The fundamental algorithm of GridSAT is a parallelization of the Chaff SAT solver, a highly optimized complete sequential solver based on the Davis-Putnam-Logeman-Loveland (DPLL) algorithm with many heuristic optimizations. GridSAT modifies Chaff to make it possible to divide the search space between many clients using a "decision" stack to keep track of progress. The initial decision stack contains only variable assignments that are definite. GridSAT proceeds by heuristically selecting a variable and a Boolean value to assign to it and adding this tentative "decision" (and any inferences that it enables) to the stack. The program backtracks when conflicts are found, and eventually returns the assignment (if one is found) or failure (if all possibilities are exhausted). A major improvement to the DPLL algorithm is "learning", which enables the algorithm to deduce new clauses and store them in a local database. The new clauses are generated after a conflict and are used in backtracking. A key to GridSAT's success is integrating these learning heuristics with runtime information about the status of the Grid. In particular, it attempts to split the program onto additional resources (i.e. assigning sub-problems to other Grid nodes) only when needed since the problem is tightly coupled. GridSAT splits the problem if memory is exhausted on a node, choosing the best available resources and tailoring the split itself to make the best use of those resources. The splitting mechanism also allows nodes to exchange the learned clauses.
GridSAT represents a grid application with resource requirements that are substantially different from our usual workflow tests. Since it was designed as a grid program from first principles (rather than as an adaptation of a parallel implementation) it includes many fault tolerance, latency tolerance, and resource-aware scheduling features that are necessary for grid application performance as explicit structural components. Thus, while it is code of some complexity, it represents the "high end" of grid application development as evidenced by its performance.
As a VGrADS driving application, GridSAT motivates both the functionality and the performance of the virtualized resource discovery and allocation mechanisms. The GridSAT scheduler considers resources abstractly, strictly in terms of their performance characteristics. This strategy, of course, is a good match with the VGrADS virtual grid (VG) mechanism. VGs will be used to replace the GridSAT-internal abstraction mechanisms as a test of both their functionality (GridSAT should continue to function correctly) and their performance (the native GridSAT implementation is a “base” case). Moreover, GridSAT does not take advantage of virtualization in its native form. The virtualization features of VGrADS will enable GridSAT to scale beyond its current capabilities (currently thousands of processors), which again, forms the basis of an important empirical test of the VGrADS prototypes.
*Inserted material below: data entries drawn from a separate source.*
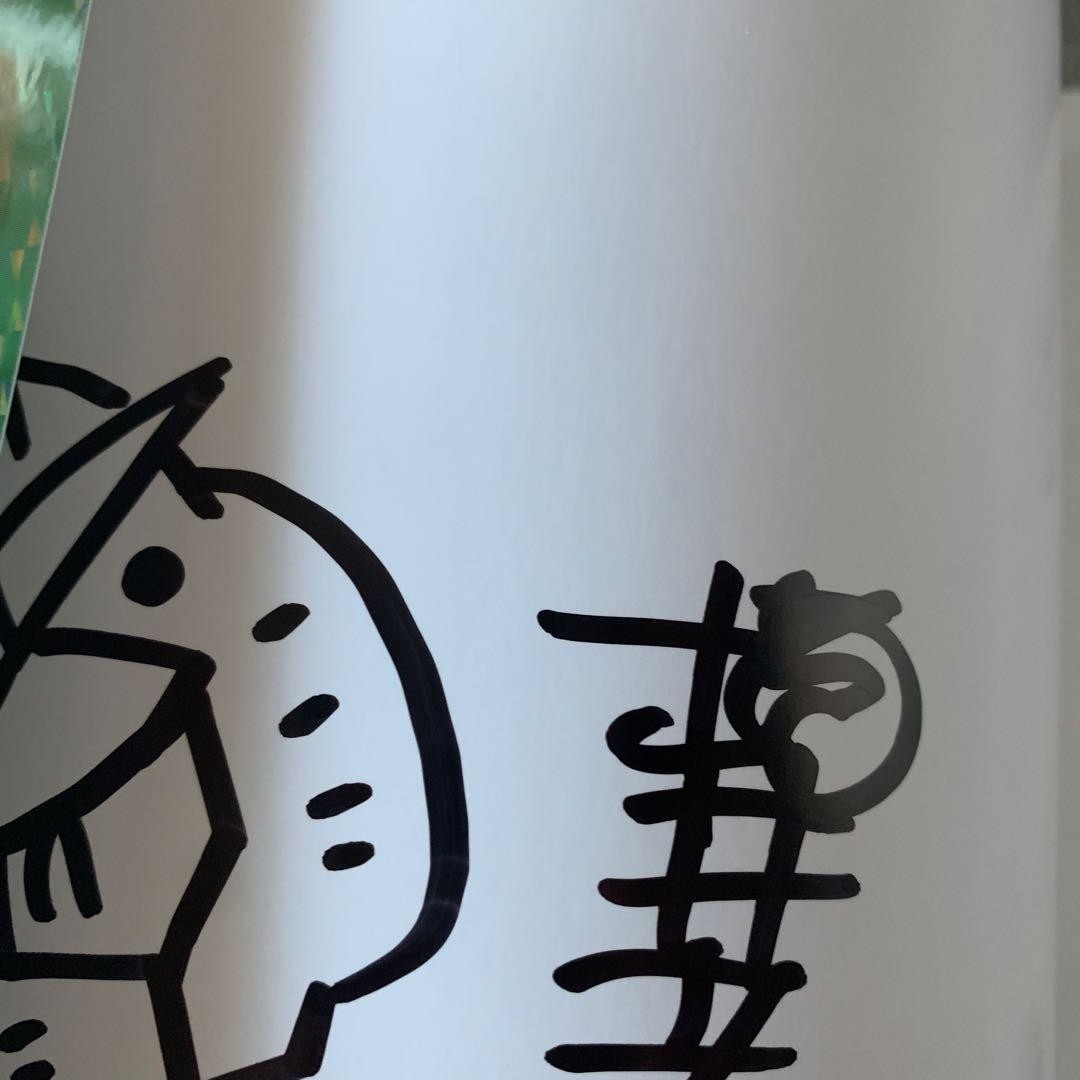 Koji Yokoi Signed Art Book SD Gundam & Mecha Illustrations Used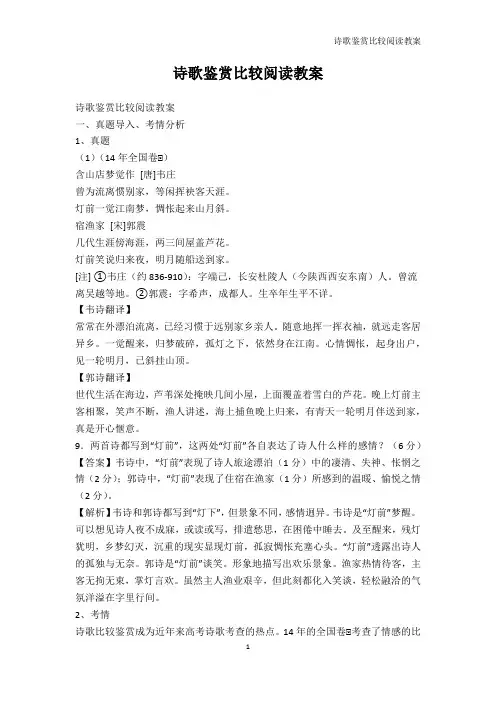 唐诗宋词-诗歌鉴赏比较阅读教案
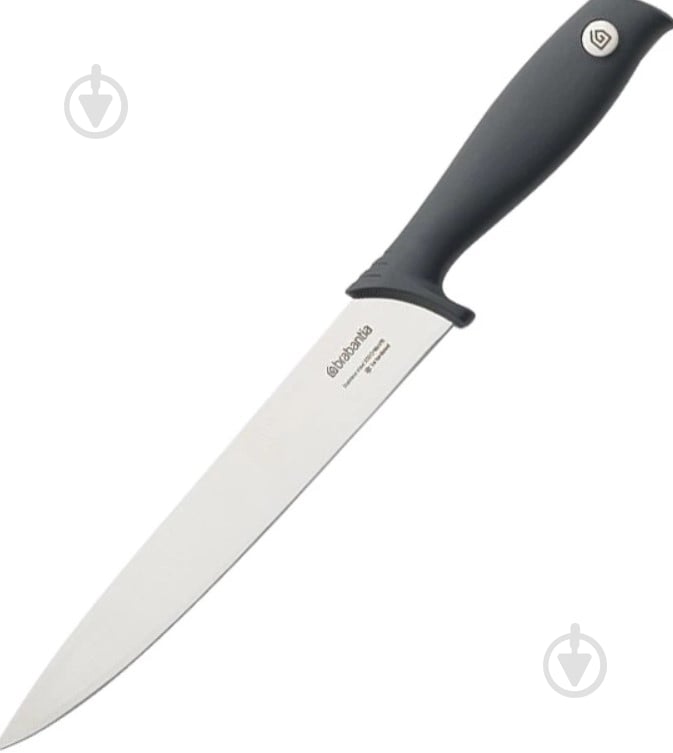 Нож разделочный Brabantia Tasty + 33,2 см 120664 - фото 4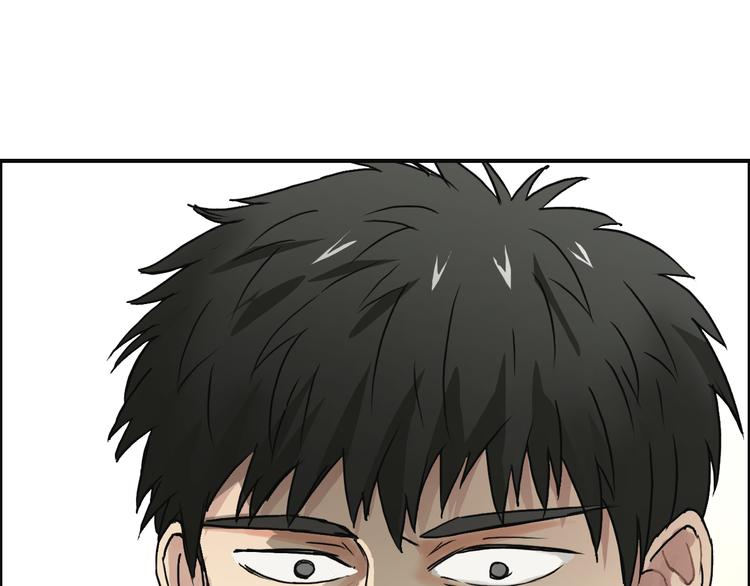 超能立方韩漫全集-第11话 全面击溃无删减无遮挡章节图片 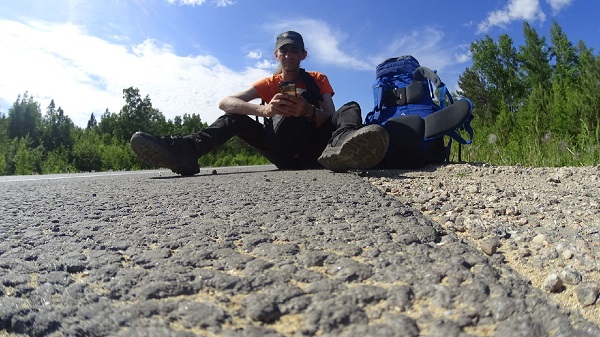 «Заинтересовались Яндекс. Путешествия»: благовещенский рокер-путешественник ищет товарищей по духу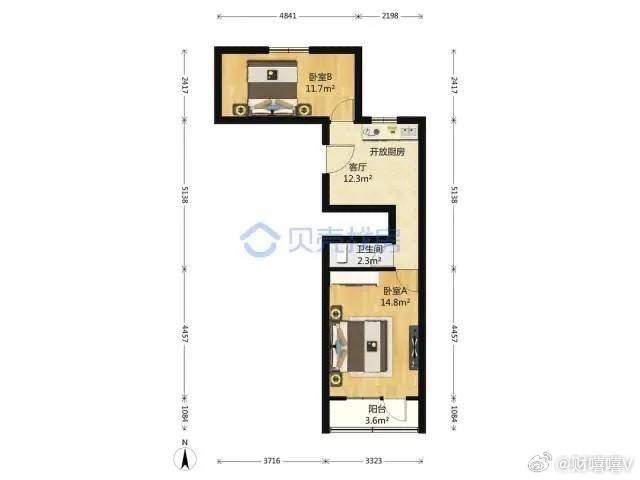 新闻：打开澳门免费资料大全澳门100-二手房装修攻略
Finally, GridSAT's resource usage model is substantially more dynamic than that of the other VGrADS driving applications. It acquires resources only when it determines they will benefit execution (as opposed to having a maximal set specified when it is launched) and releases them as quickly as possible to prevent waste and promote allocation stability. To do so, the valuation of resources at any given moment in a GridSAT execution is related to the resources GridSAT is currently holding. This incremental form of resource discovery in which the currently held resources parameterize the resource search is unique among the VGrADS test codes, and motivates many of the dynamic features in the Virtual Grid Execution System (vgES) design.